But no congressional district in the land has, regardless of who holds it, been able to put together quite a bizarre run the last half-decade or so quite like New York’s 11th, covering all of Staten Island and a small part of Brooklyn. When its current representative, Michael Grimm, threatened after this year’s State of the Union to toss a television reporter off a congressional balcony, it was actually only about midway on the long list of embarrassing turns in the spotlight the usually sedate, suburban district has undergone in the past several years.
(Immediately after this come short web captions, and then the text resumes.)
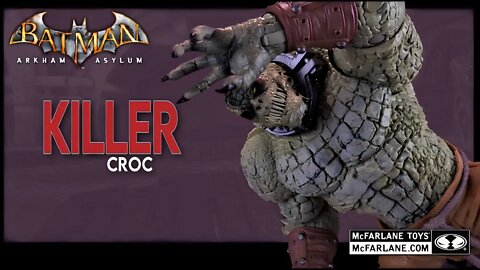 McFarlane Toys DC Multiverse Batman Arkham Asylum Killer Croc Figure @The Review Spot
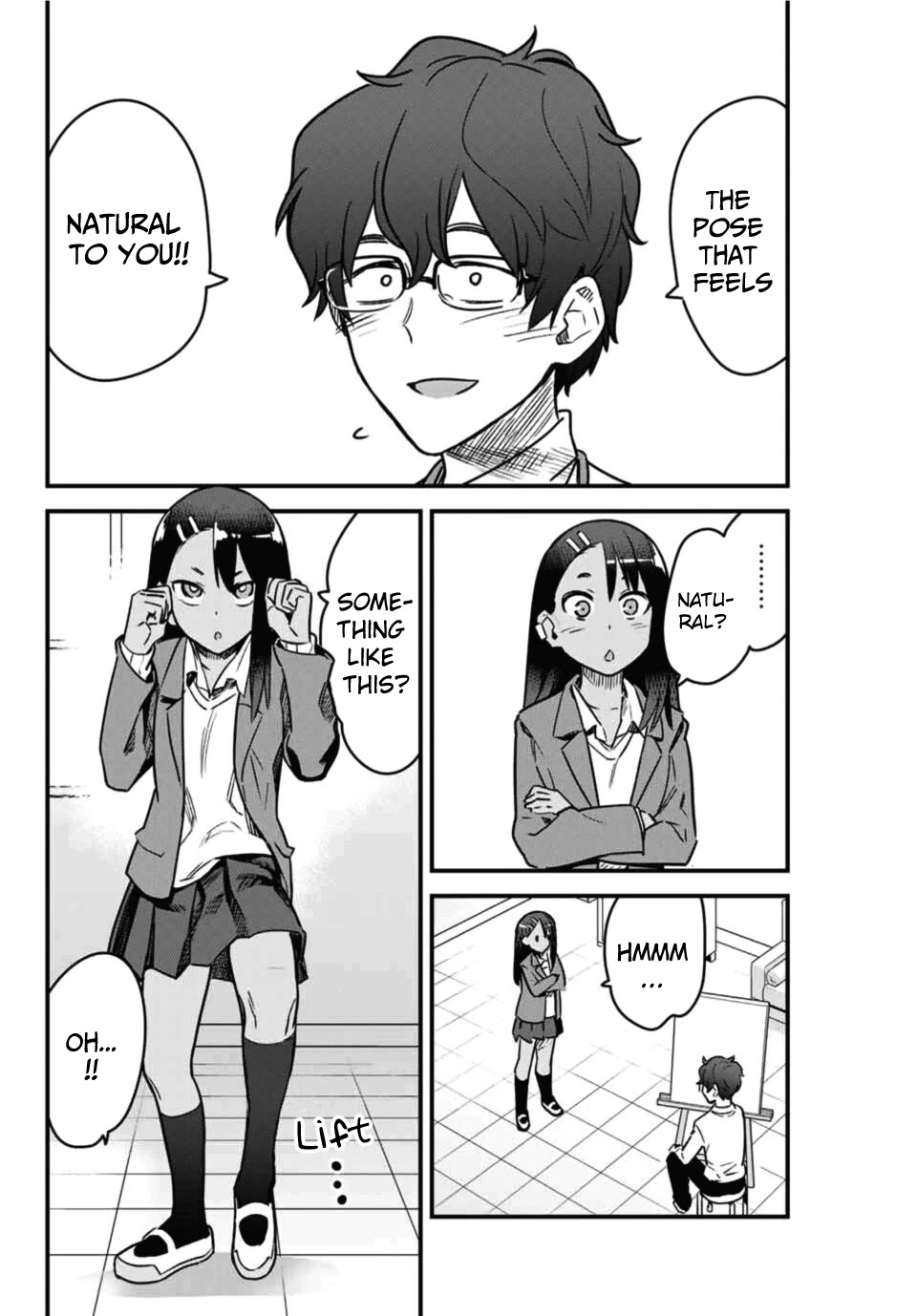 Please don't bully me, Nagatoro Chapter 67 page 12 - Chapter 67: I won't tell you, Senpa~i♡
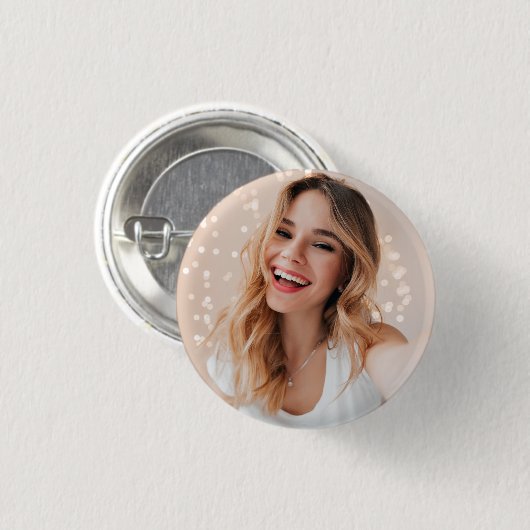 Ihr Gesicht zum Geburtstag Button (Vorne & Hinten)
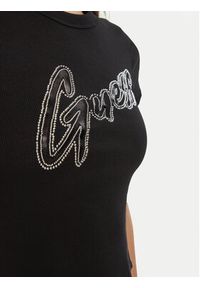 Guess T-Shirt W5RI68 KA0H1 Czarny Regular Fit. Kolor: czarny. Materiał: bawełna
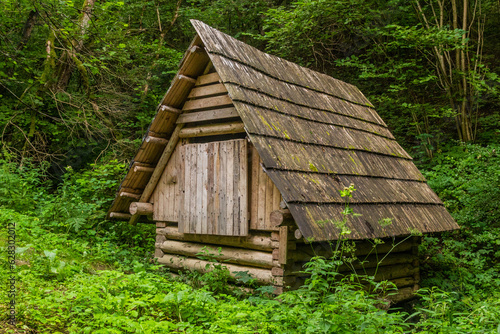 Fototapeta Naklejka Na Ścianę i Meble -  Cabin near Vlkolinec village in Nizke Tatry mountains, Slovakia
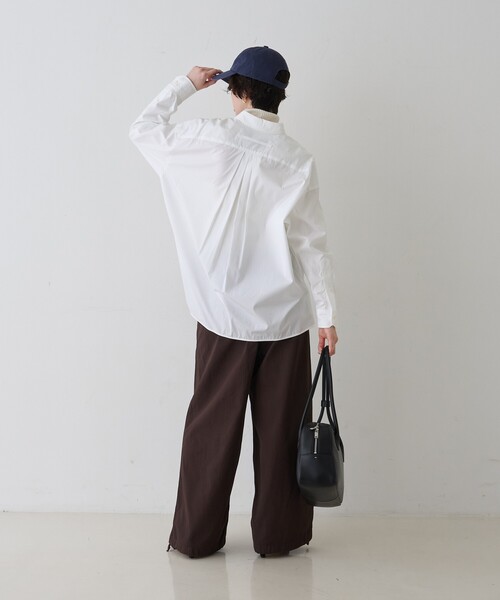 TICCA(ティッカ)の「【定番人気2026SS新作】【TICCA/ティッカ】スクエアビッグシャツ(シャツ/ブラウス・レディース・ホワイト/ストライプ/ブルー・フリー)」の14枚目の写真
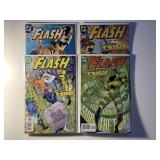 4 DC COMICS THE FLASH # 214-217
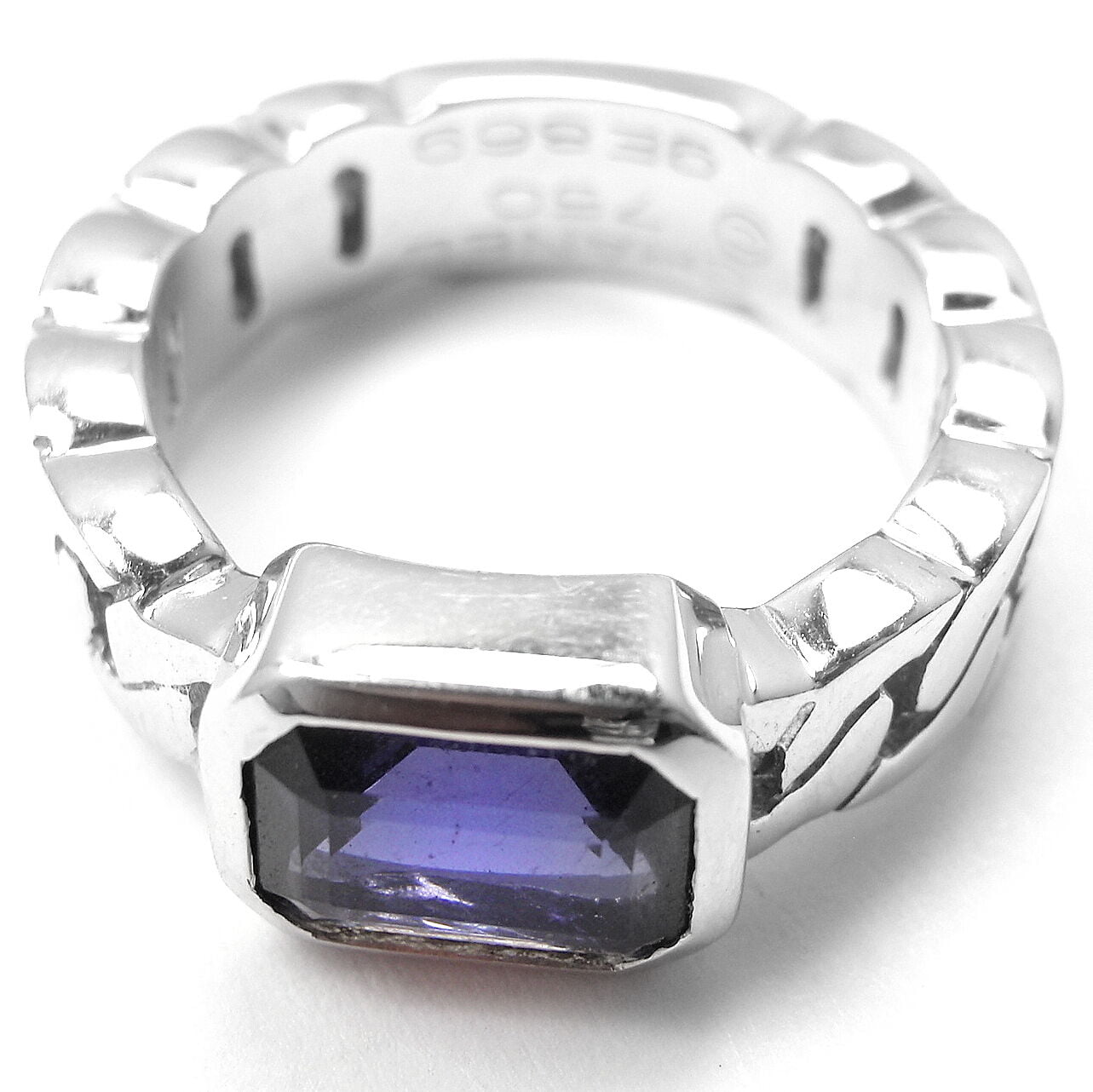 Chanel Jewelry & Watches:Fine Jewelry:Rings Authentic! Chanel 18k White Gold Tanzanite Band Ring
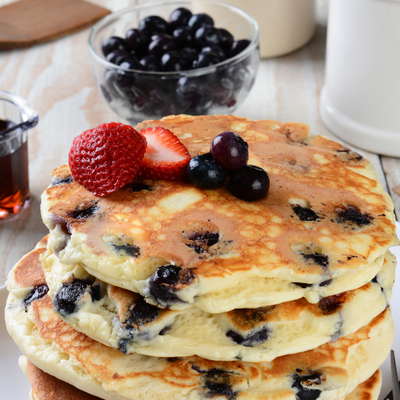 Blueberry Millet Pancakes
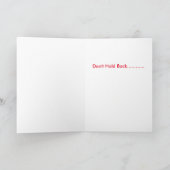 挨拶状Yoloただ一度住んでいます カード (内部)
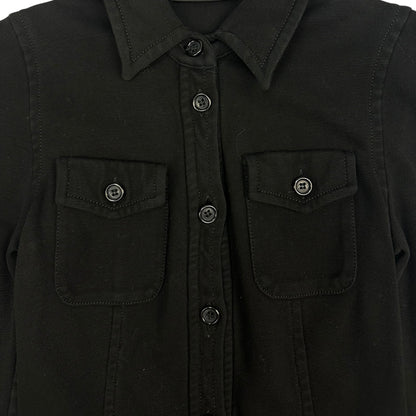 Vintage Prada Bluse schwarz Damen 38/XS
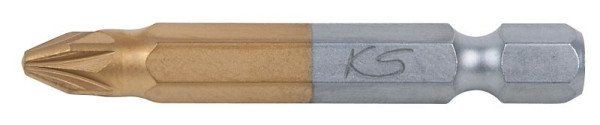 KS Tools Embout TiN 1/4", 50 mm, PZ2, 911.3643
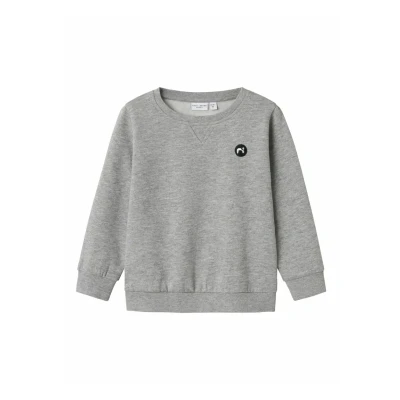 Image of Name it mini Boy&#039;s Nmmvimo Ls Sweat Bru Noos, Grey Melange, 98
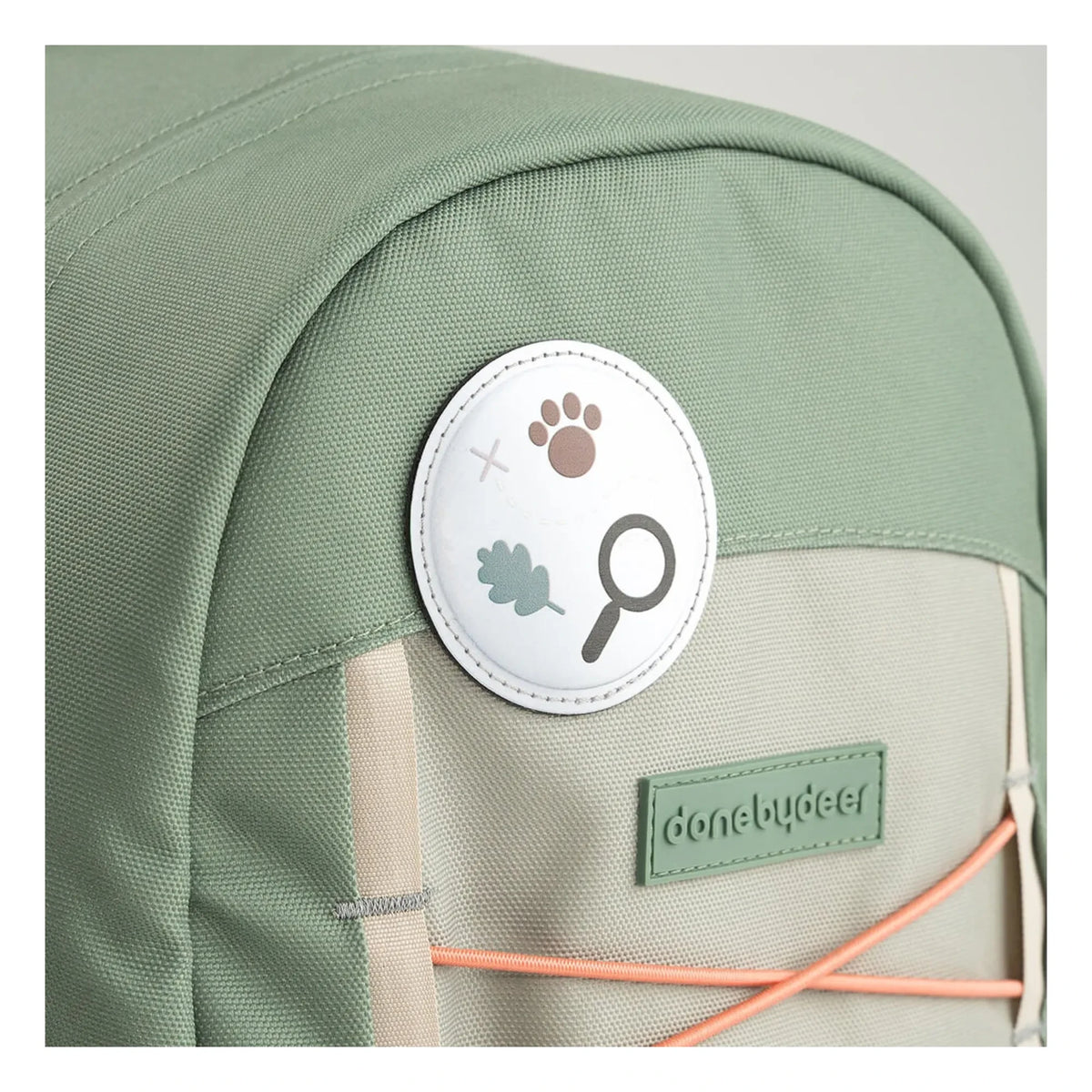 Done by deer - Junior Trails backpack | Dark green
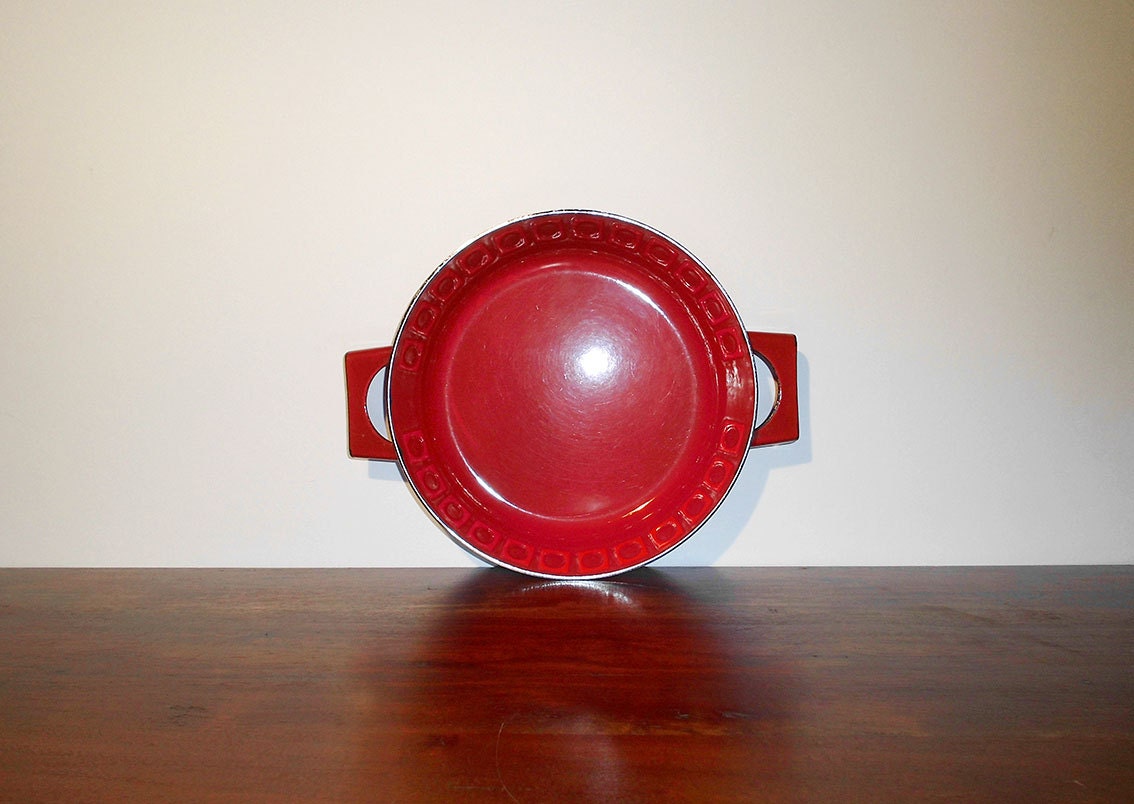 Vintage Small Fry Pan / Enamel Cookware Silit West Germany Haute Juice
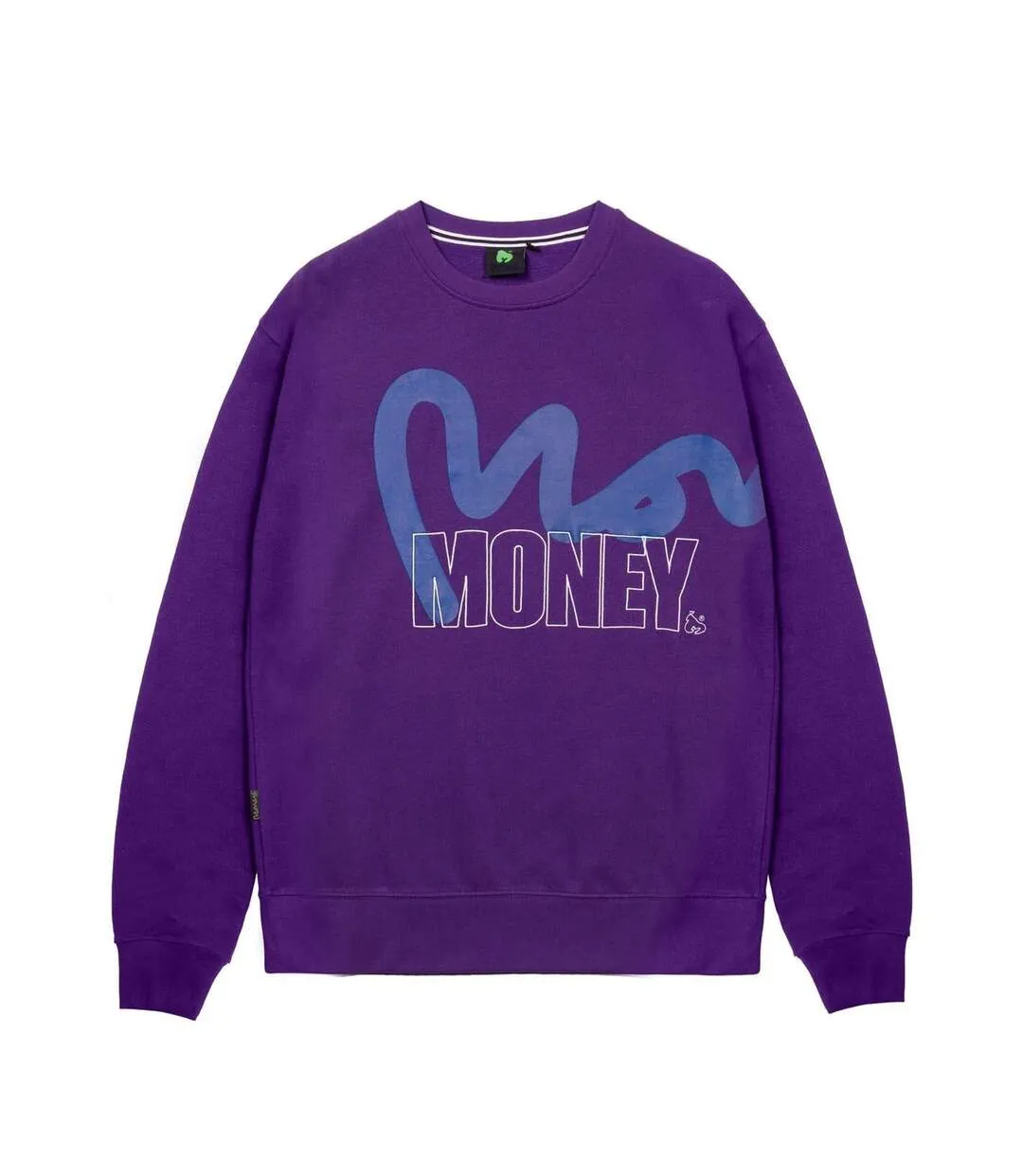 Sweat Motif/style Pochoir Homme Violet Money-1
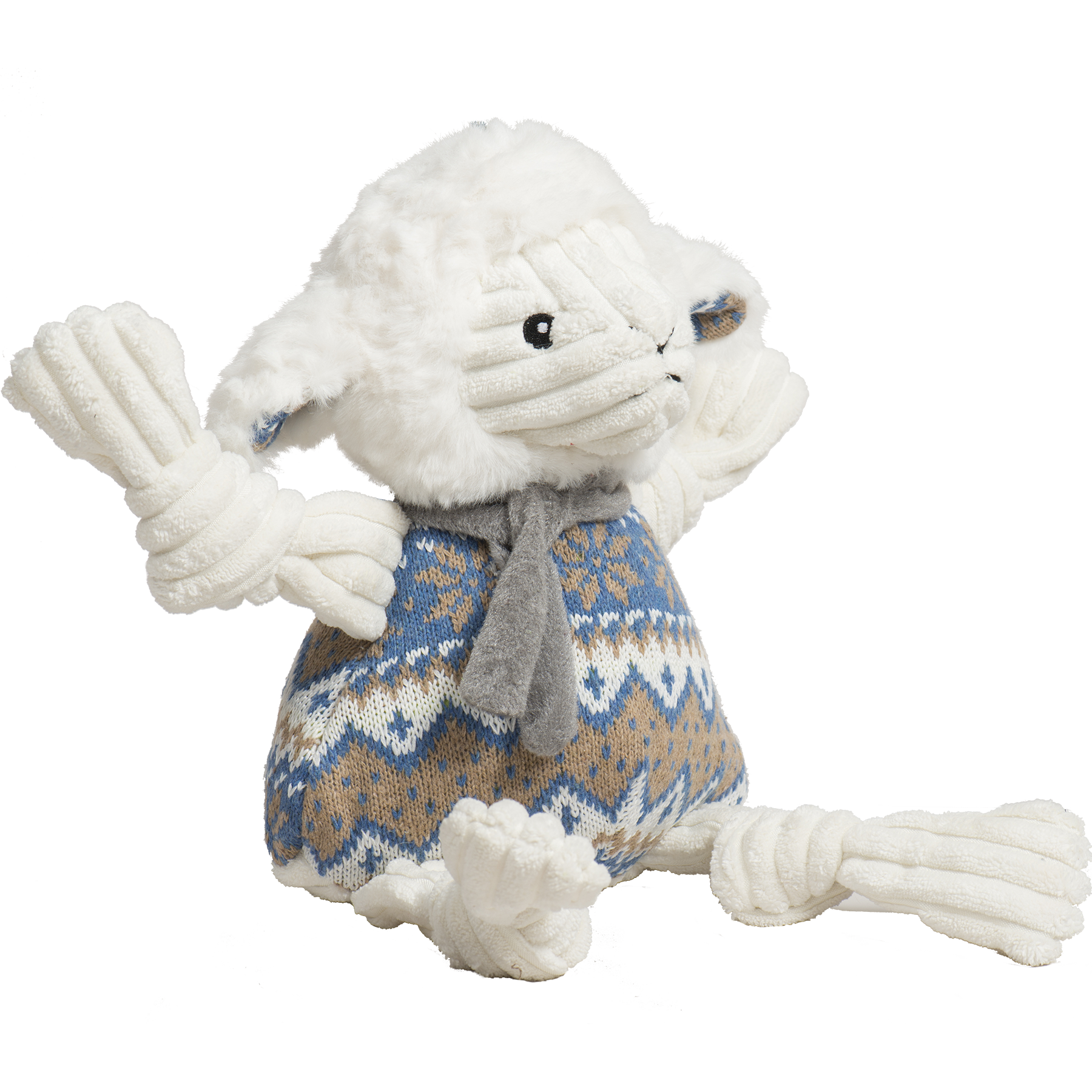 Leo Lamb Plush Dog Toy Knottie® - image 4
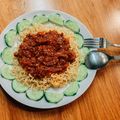Cooksnap của Tiểu Quyên khi họ làm theo món Mì ý sốt thịt bằm😂🤣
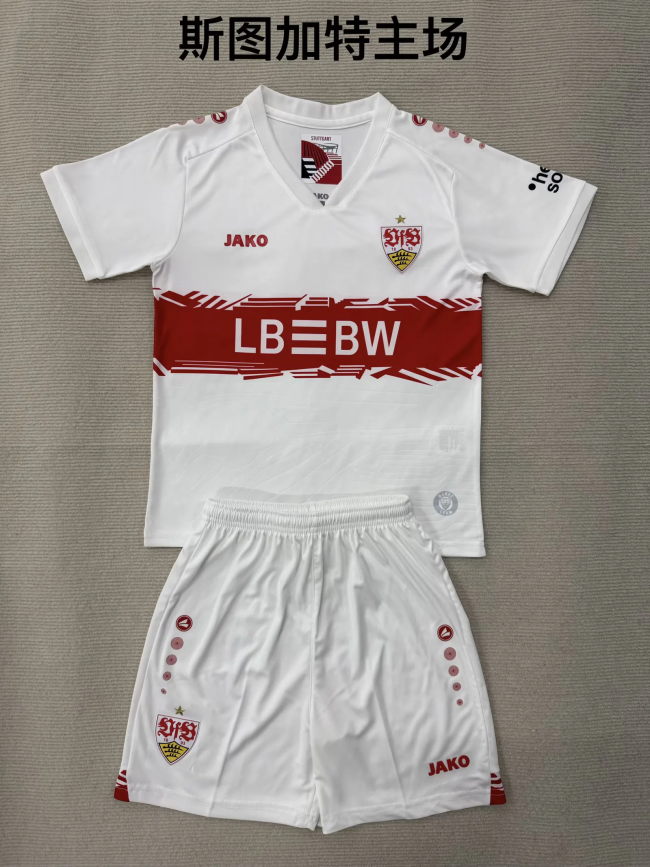 2025-26 Stuttgart home kids kit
To understand how someone sent by 85,000 of his neighbors to represent them in Washington, D.C., could tell a correspondent for a quasi public-access television network that “I will break you in half. Like a boy” on live television, it is worth going back a few years. One does not ascend a balcony alone, after all.
Rather, it takes a series of events conspiring to click into place at exactly the right moment—events that in this case include a mysterious second family in the D.C. suburbs, a rabbi to the stars, and a B-movie career that never quite panned out.
But let’s back up a moment. For nearly a quarter century, one family dominated politics on Staten Island, the so-called fifth and forgotten borough of New York City. That family, the Molinaris, included the patriarch, Guy, first elected to the then-17th Congressional District (although the numbers have changed, the basic contours of the district have not). He later bequeathed the seat to his daughter, Susan, and when she decided to give up lawmaking in favor of lobbying, the Molinaris turned to Vito Fossella, a Republican city councilman from one of the borough’s most celebrated Democratic families.
Fossella held the job for a dozen years and likely could have held it for a dozen more had the New York Giants not won the 2008 Super Bowl. But win the Big Blue did, and so were treated that spring to a reception at the White House. Between that party and an earlier reception for the Irish prime minister, Fossella showed up at a D.C. tavern stumbling drunk with a buddy of his, who promptly passed out in a chair.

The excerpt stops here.